Now, others are reported to be considering other trade petitions,
focusing on China’s currency valuation, that, while well-meaning, call for similar measures to
raise tariff walls.
We do not need to conduct a year-long investigation to know that
there are serious concerns with labor rights and working conditions in China, as there are in many
other developing countries. We do not need a year-long investigation to know that we have
serious concerns with China’s policies on the value of its currency.
These concerns are valid, and we have been addressing them
continuously in a constructive manner.
The question is not whether we approve or disapprove of China’s
practices. The real question is: how can we best change those practices? This Administration
believes that trade and economic growth -- combined with the use of leverage to pursue mutual
interests under agreed international rules -- will move China faster and further toward
achieving real results than a retreat into economic isolationism and the raising of barriers
that block trade.
The AFL-CIO petition, and the possible petition on currency
issues, both seek remedies that would worsen the very problems they are trying to solve.
To take such isolationist measures would hurt millions of American
workers whose jobs depend on a vibrant and open trading relationship with China and the
world. More broadly, the U.S. and world economies would suffer if trade barriers are raised.
To take such measures would hurt American families by raising the
costs of everyday products they buy.
And to take such measures would worsen the very Chinese working
conditions we are concerned about, because these measures would cut China off from trade that
will help overcome poverty and improve working conditions.
Accepting these petitions would take us down the path of economic
isolationism. That is a path we will not take.
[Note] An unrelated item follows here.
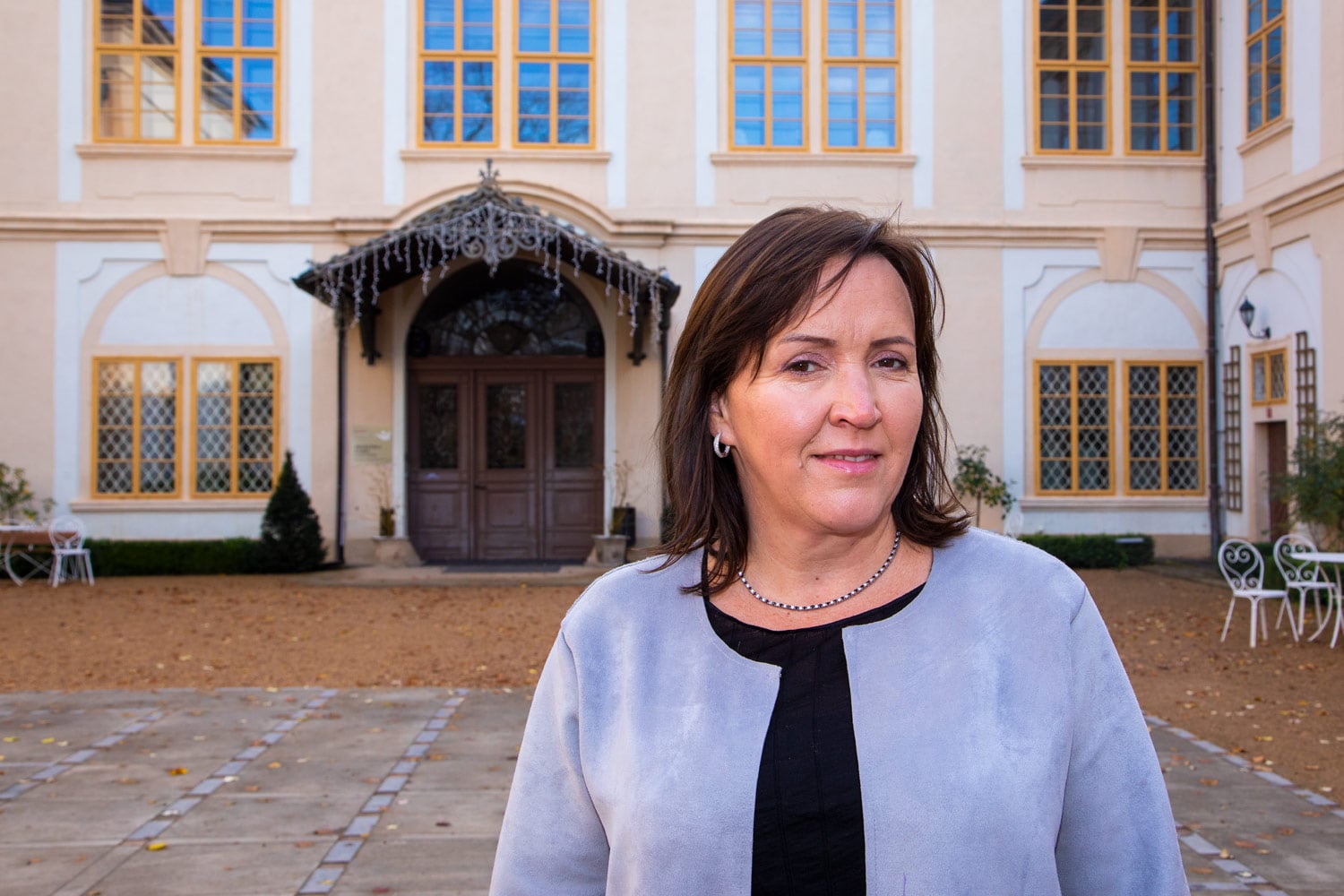 Kateřina Šrámková se spolu s manželem rozhodla zámek koupit a vrátit mu původní lesk. A také ho znovu otevřít veřejnosti.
There is a better, more hopeful path. The Administration’s policy
is producing real results, expanded trade, good jobs for Americans, better living conditions
for Chinese, and a relationship of peace and stability in Asia. Our policy offers better, more
targeted tools to address the labor, currency, and other concerns we all want to address. Our policy is
firmly grounded in America’s ideals, was forged from more than a decade of vigorous domestic
debate, and continues the bipartisan internationalist approach reached four years ago by the
U.S. Congress. It is the right policy.